Jews have been sounding off on these clear echoes for years, but there haven’t been many forums breaking them all down — until now.

On Sunday, a YouTube panel discussion,  Mandalorthodox: Jewish History and Modern Practice in The Mandalorian, went deep on the Outer Rim’s favorite space Jew, teasing out just some of the parallels baked into the Disney+ show.

It’s not just the headwear and the diversity of Mandalorian practice, or even the fact that there is a large diaspora of Mandalorians, members of an ancient creed, scattered like stars in the galaxy. Recent events on the series have presented Jewish themes of l’dor v’dor, ritual purity and atonement, and even the anticipation of the Messiah.

Michal Schick, a podcaster, TV writer and host of the panel had an epiphany at the mention of the “Living Waters” of Mandalore.

“The second they said ‘living waters,’ I was like, ‘Well, okay, now we’re just straight up using Jewish terminology,’” Schick said. Living waters is the English translation of mayim chaim, a concept built into immersion in the mikveh.

“There is a ritual purification process that Jews utilize for everything from the utensils and serveware we use to eat with, to people who are newly converted,” Jenn Levine, a producer and writer said in the panel. She also connected Din Djarin’s journey to the waters, after transgressing, to the atonement process of Yom Kippur.

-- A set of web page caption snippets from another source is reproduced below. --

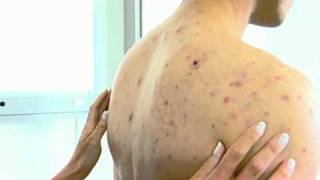 Acne NYC  212 6449494 NYC Cystic Acne Back  Pimples NYC  Acne Face NYC [upl. by Eva875]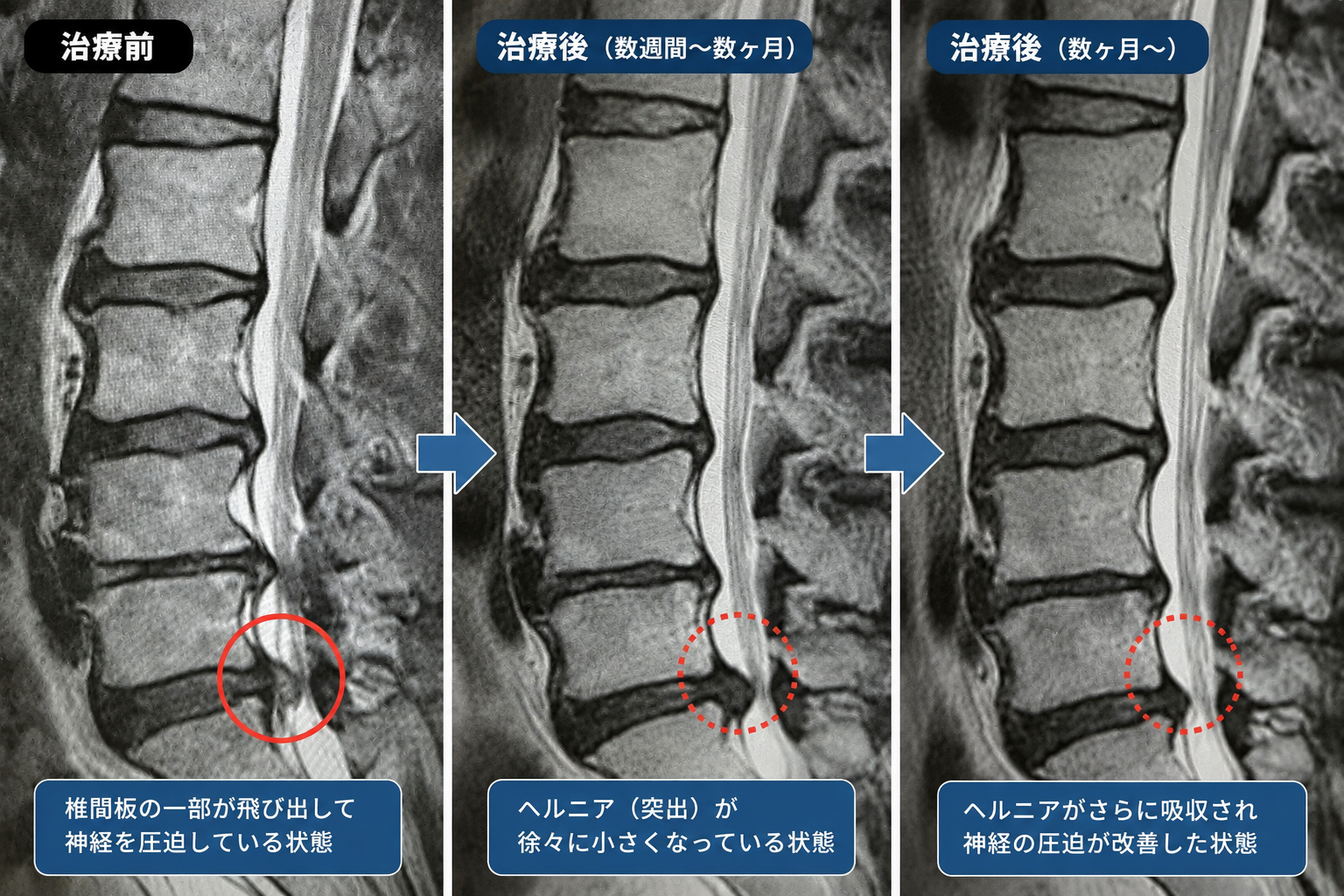 ヘルニア患者 ヘルニアは手術しないと治らない？ ― 実は“自然に小さくなる”ことも
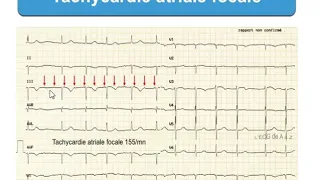 troubles de rythme supraventriculaires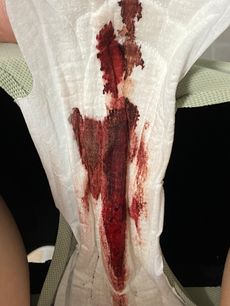 Menstruation vol. 79 q7ooq9ljcb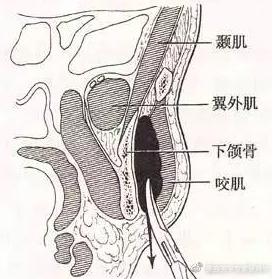 瘦脸针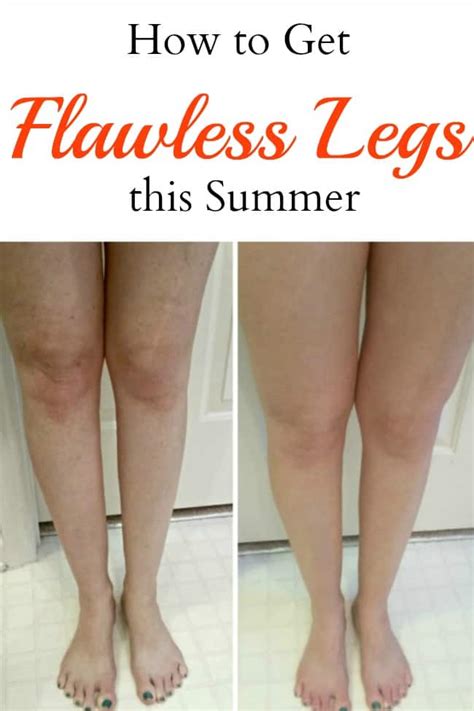 How To Get Flawless Legs This Summer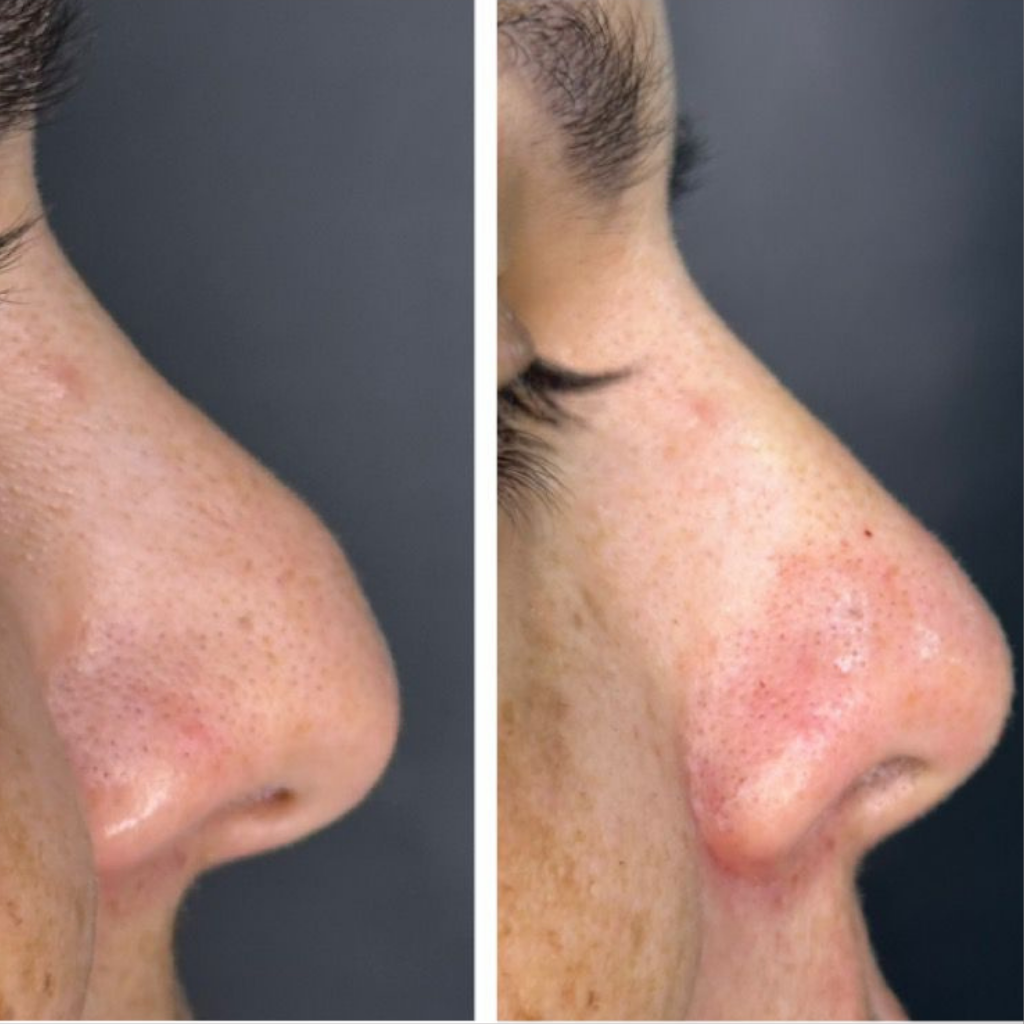 Rinomodelação Depois - Nariz Reto e Ponta Elevada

“He still believed ‘I have the ability to be redeemed, I believe in my own ability to access this pure part of myself by going through this ritual that’s so important to my culture,’” Levine said. “And it’s very much the way we view it in Judaism as well.”

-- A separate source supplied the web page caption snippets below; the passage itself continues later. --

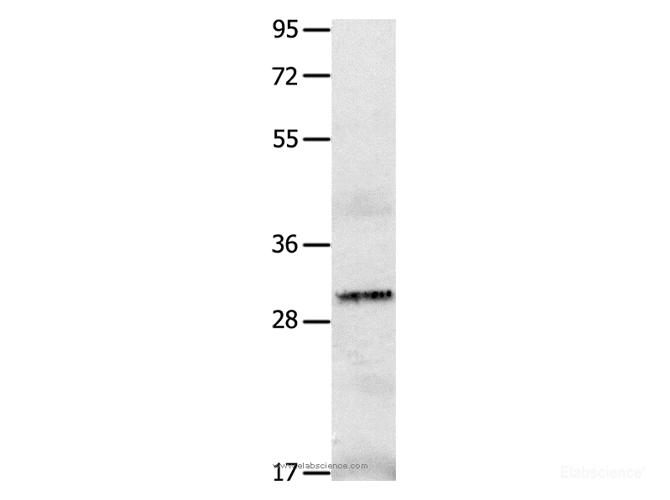 Western Blot analysis of A549 cell   using IL2RA Polyclonal Antibody at dilution of 1:750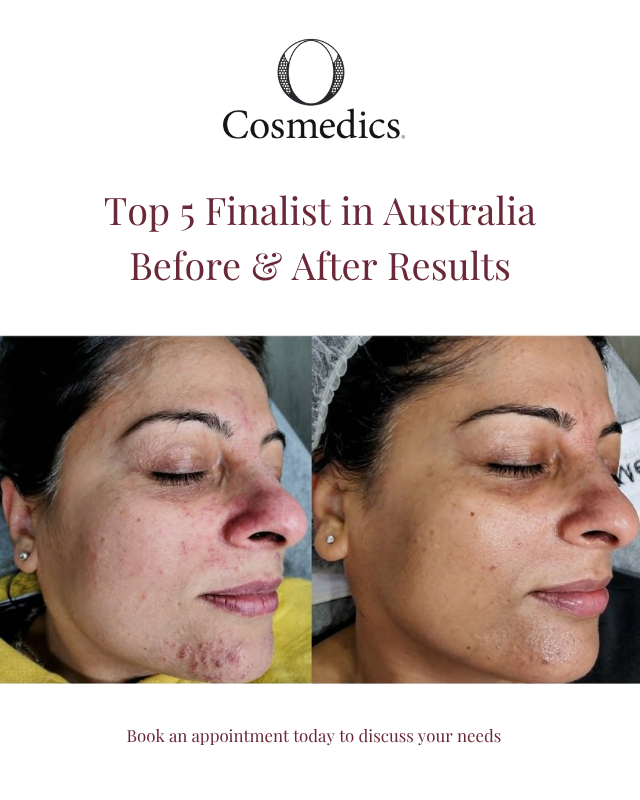 Before and after skin treatment result 1
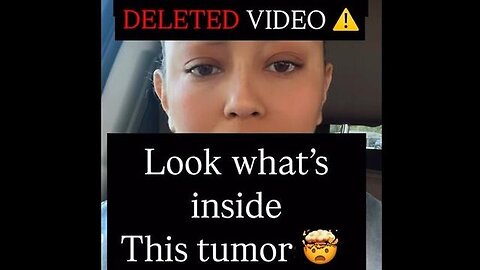 DELETED VIDEO Look What's Inside This Tumor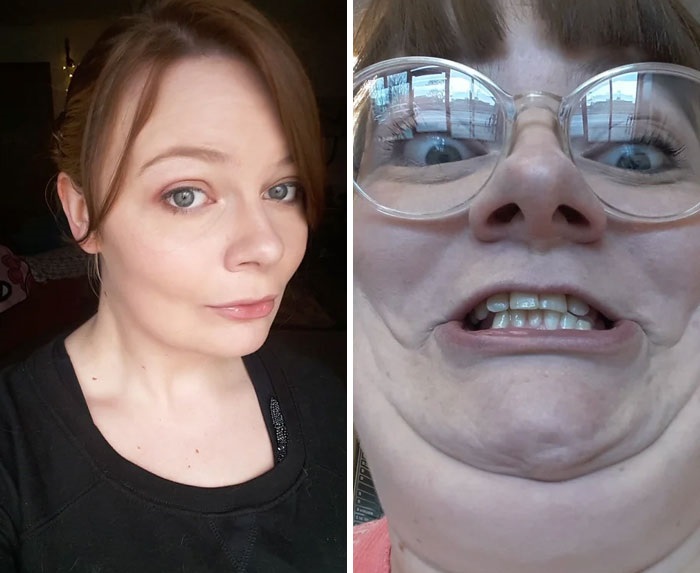 before and after pics - jaw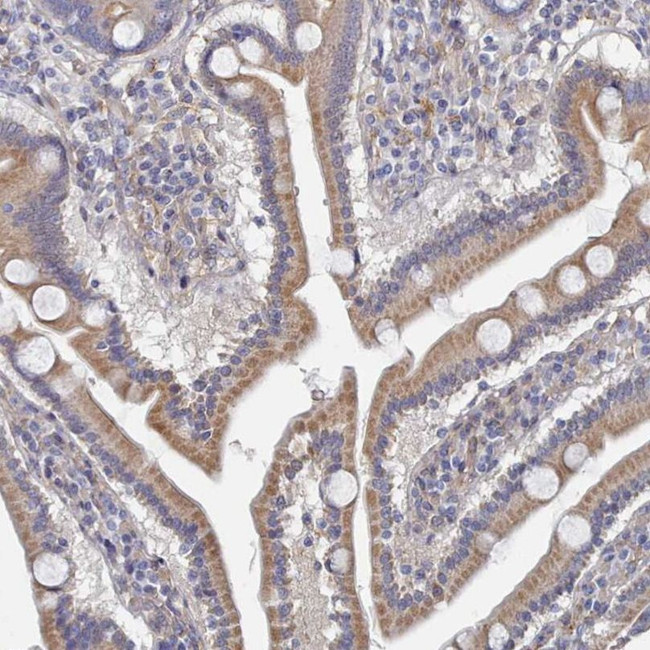 G6PC Antibody in Immunohistochemistry (IHC)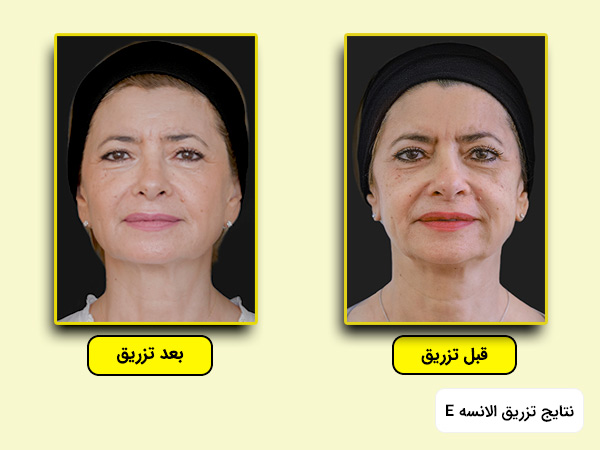 نتایج تزریق ژل الانسه مدل E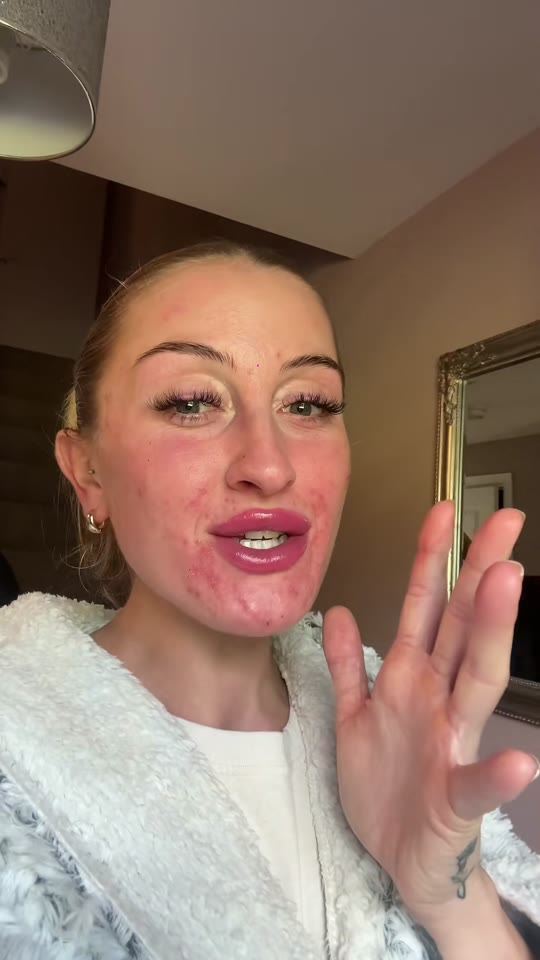 Duac gel and acne purging: what's actually happening to your skin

The fate and significance of Mandalore, believed by some to have been all but destroyed, also looms large this season, echoing events in Jewish history like the fall of the Second Temple and the Bar Kokhba Rebellion against the Romans. Bo-Katan Kryze, the onetime princess of the Mandalorians, may occupy the role of Simon bar Kokhba, a second century military leader some believed to be the Messiah. At the end of this season, Bo-Katan succeeds in regaining the home planet and relighting the Great Forge, a kind of rededication of the temple.

“The parallels are just so strong to different points in Jewish history,” said Forward columnist Alex Zeldin on the panel, noting how Bo-Katan’s followers and Din Djarin’s tribe reflect factions from antiquity, as well as more modern schisms in the Zionist movement, like the Haganah, Irgun and Stern Gang.

The panelists, who speculated Jewish involvement (perhaps that of series creator Jon Favreau’s) may be behind many of The Mandalorian’s more obvious metaphors, were careful not to assume Jews were the only religious minorities who may click with the material. (The Sikhs, who, like the Mandalorians, wear headgear and carry weapons as part of their faith come to mind.) But Akiva Weisinger, a Torah teacher in Memphis, argued that being Orthodox enriched his understanding of the show.

Weisinger said he was teaching Exodus when the show’s pilot dropped. The episode ends with Din Djarin finding Grogu (aka Baby Yoda) in a kind of basket. (All panelists agreed that Grogu, due to certain conditions of prophecy, is on track to be a Moses-type figure, if not the Messiah of his age.) Meanwhile, the cryptic title of show’s third season finale, “The Spies,” makes more sense when viewed next to an episode in Numbers, in which the 12 spies survey the Promised Land.

It wouldn’t be the first time the Star Wars universe invites biblical allegory, with the films containing no shortage of messianic messages.  But then there’s also no denying that the original films, whose evil infantry are called “stormtroopers” and whose choreography owes a debt to Leni Riefenstahl, hasn’t also dabbled in Jewish history — just without the Jews.

“I feel like it’s so obvious in retrospect,” said journalist and author Tamar Herman said. “The whole thing started out of inspiration from the Third Reich, so for there to be Jewish representation somewhere in the story — it’s almost offensive that it’s taken this long!”